(Collected data)
>>>>>

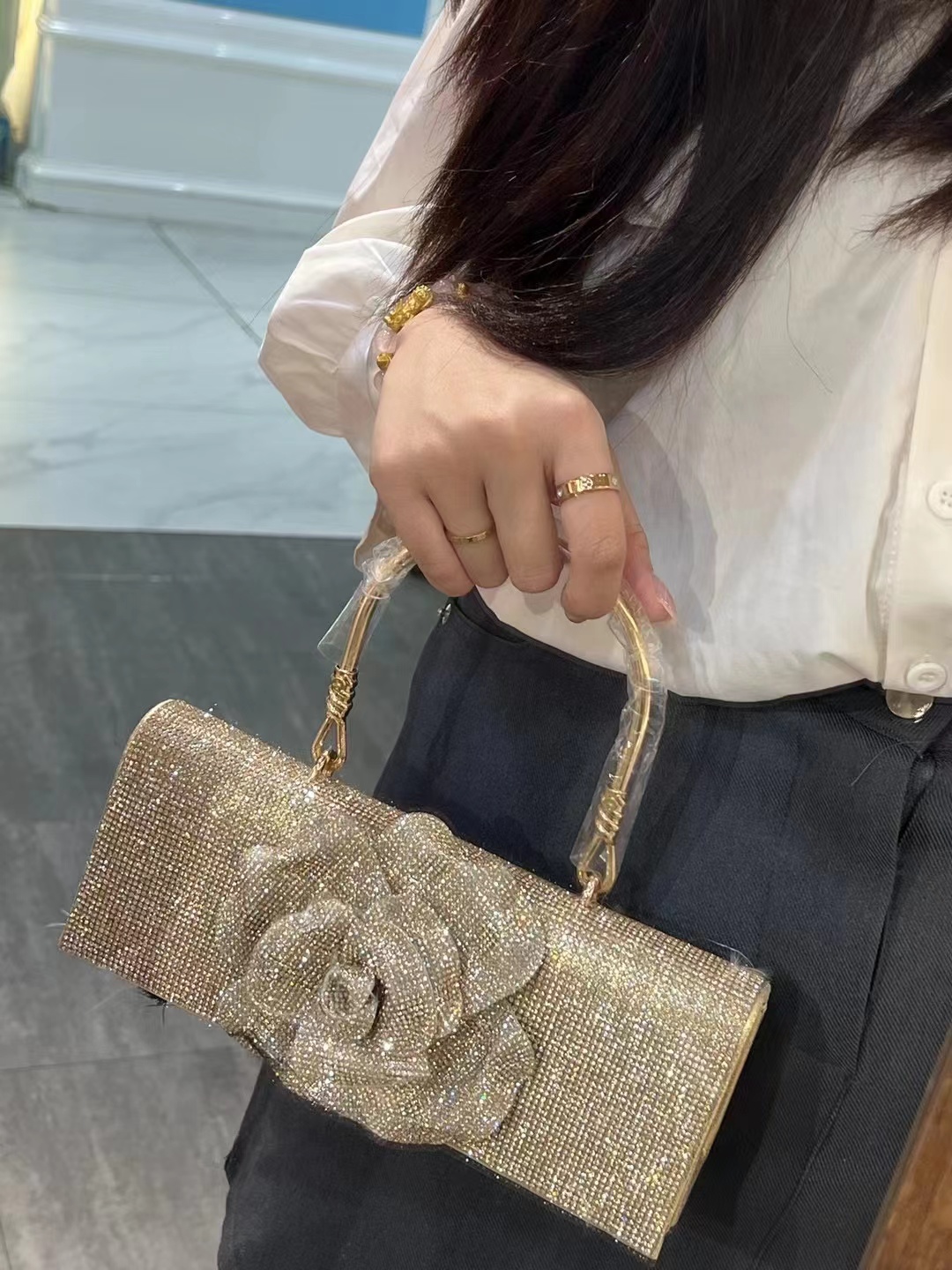 Glitter Diamond Floral Square  - Luxury Bags Supplier ulasan dan harga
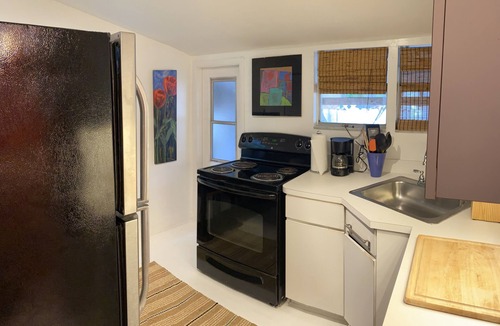 Coconut Grove Cottage | 🐕‍🦺❤️SPECIAL PROMO Romantic Beautiful Cottage in idyllic GROVE neighborhood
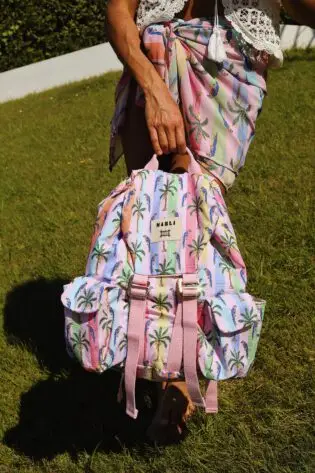 Sac à dos Pablo  - Motif Perroquets et palmiers fond multicolore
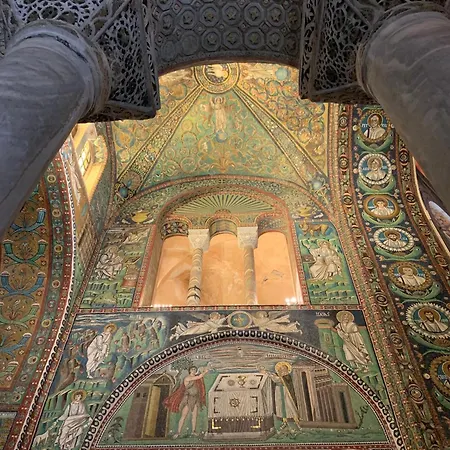 Dimora Pasolini , Stylish Two Bedroom In The Historic Center アパート ラヴェンナ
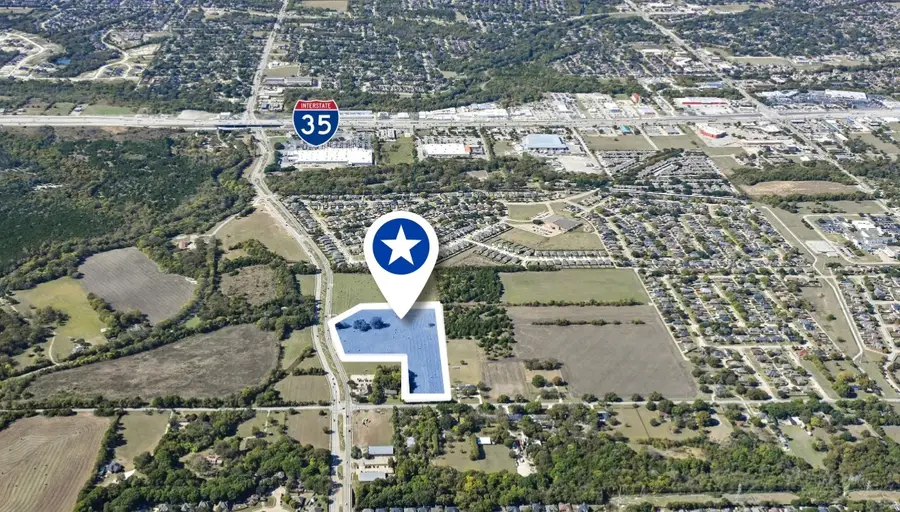 1001 N Houston School Road, Lancaster, TX 75146 - #2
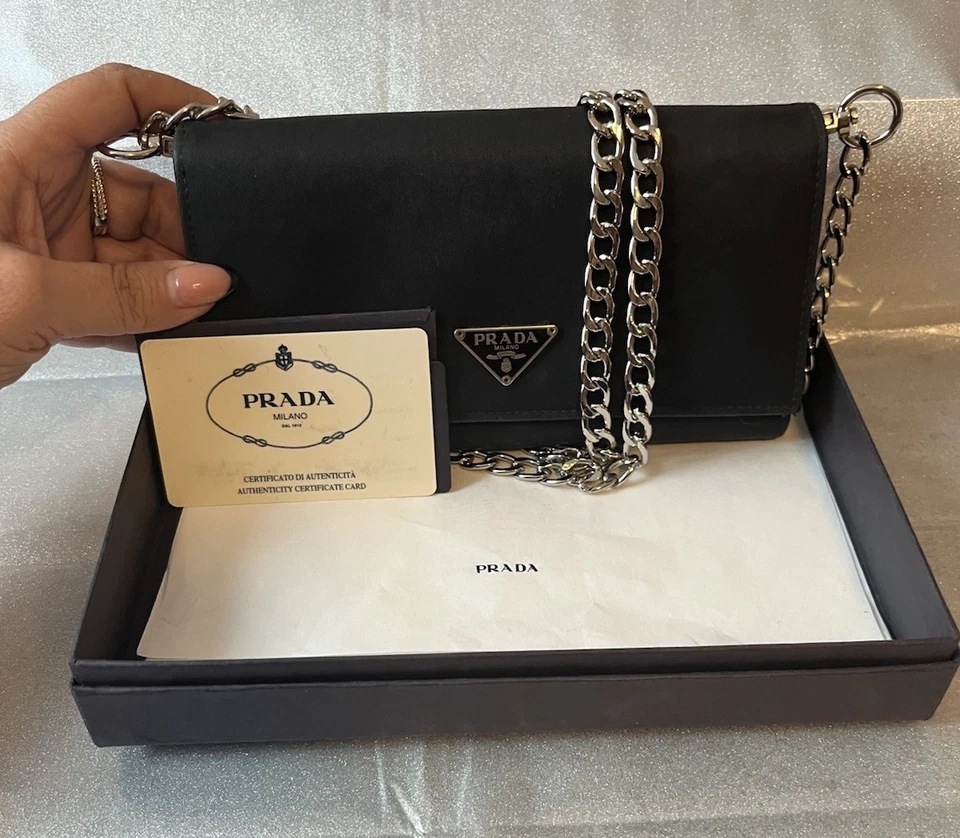 Prada Long Wallet Nylon & Leather! Authentic. COA!! CLEAN VTG! 😍 - Image 1 of 4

<<<<<

Your instructions ▸ The records need to be restated word for word, minus any images.

Exercise response ▸
 Glitter Diamond Floral Square  - Luxury Bags Supplier ulasan dan harga
 Coconut Grove Cottage | 🐕‍🦺❤️SPECIAL PROMO Romantic Beautiful Cottage in idyllic GROVE neighborhood
 Sac à dos Pablo  - Motif Perroquets et palmiers fond multicolore
 Dimora Pasolini , Stylish Two Bedroom In The Historic Center アパート ラヴェンナ
 1001 N Houston School Road, Lancaster, TX 75146 - #2
 Prada Long Wallet Nylon & Leather! Authentic. COA!! CLEAN VTG! 😍 - Image 1 of 4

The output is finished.